*AIM OF THE EXERCISE:*
Copy out the first line of the listing and every line after it, exactly, until you have copied the line containing "Hime Lolita Blue".

*DATA SHOWN:*
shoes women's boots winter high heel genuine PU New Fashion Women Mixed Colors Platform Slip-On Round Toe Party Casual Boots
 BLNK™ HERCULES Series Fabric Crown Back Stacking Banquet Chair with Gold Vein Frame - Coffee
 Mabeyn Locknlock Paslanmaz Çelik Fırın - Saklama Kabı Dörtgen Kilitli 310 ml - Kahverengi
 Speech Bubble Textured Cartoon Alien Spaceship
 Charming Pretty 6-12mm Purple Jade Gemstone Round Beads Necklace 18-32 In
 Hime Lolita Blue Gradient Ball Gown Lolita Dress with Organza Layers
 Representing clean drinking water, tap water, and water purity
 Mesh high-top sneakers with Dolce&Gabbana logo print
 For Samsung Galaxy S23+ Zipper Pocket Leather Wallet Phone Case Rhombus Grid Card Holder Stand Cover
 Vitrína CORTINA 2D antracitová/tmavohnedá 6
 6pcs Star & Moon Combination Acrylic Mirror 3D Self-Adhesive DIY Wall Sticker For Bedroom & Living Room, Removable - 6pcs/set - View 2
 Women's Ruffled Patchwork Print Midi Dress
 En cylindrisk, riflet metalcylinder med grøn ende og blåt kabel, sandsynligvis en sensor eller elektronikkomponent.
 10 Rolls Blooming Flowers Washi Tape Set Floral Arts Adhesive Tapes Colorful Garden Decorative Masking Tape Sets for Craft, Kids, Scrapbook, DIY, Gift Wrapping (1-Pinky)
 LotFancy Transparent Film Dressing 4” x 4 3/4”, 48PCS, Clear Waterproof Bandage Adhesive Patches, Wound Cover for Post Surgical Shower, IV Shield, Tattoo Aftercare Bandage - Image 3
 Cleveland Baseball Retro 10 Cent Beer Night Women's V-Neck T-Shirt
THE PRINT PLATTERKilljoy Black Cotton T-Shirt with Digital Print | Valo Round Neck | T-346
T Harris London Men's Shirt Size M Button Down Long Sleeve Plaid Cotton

*ANSWER TO THE PROBLEM:*
shoes women's boots winter high heel genuine PU New Fashion Women Mixed Colors Platform Slip-On Round Toe Party Casual Boots
 BLNK™ HERCULES Series Fabric Crown Back Stacking Banquet Chair with Gold Vein Frame - Coffee
 Mabeyn Locknlock Paslanmaz Çelik Fırın - Saklama Kabı Dörtgen Kilitli 310 ml - Kahverengi
 Speech Bubble Textured Cartoon Alien Spaceship
 Charming Pretty 6-12mm Purple Jade Gemstone Round Beads Necklace 18-32 In
 Hime Lolita Blue Gradient Ball Gown Lolita Dress with Organza Layers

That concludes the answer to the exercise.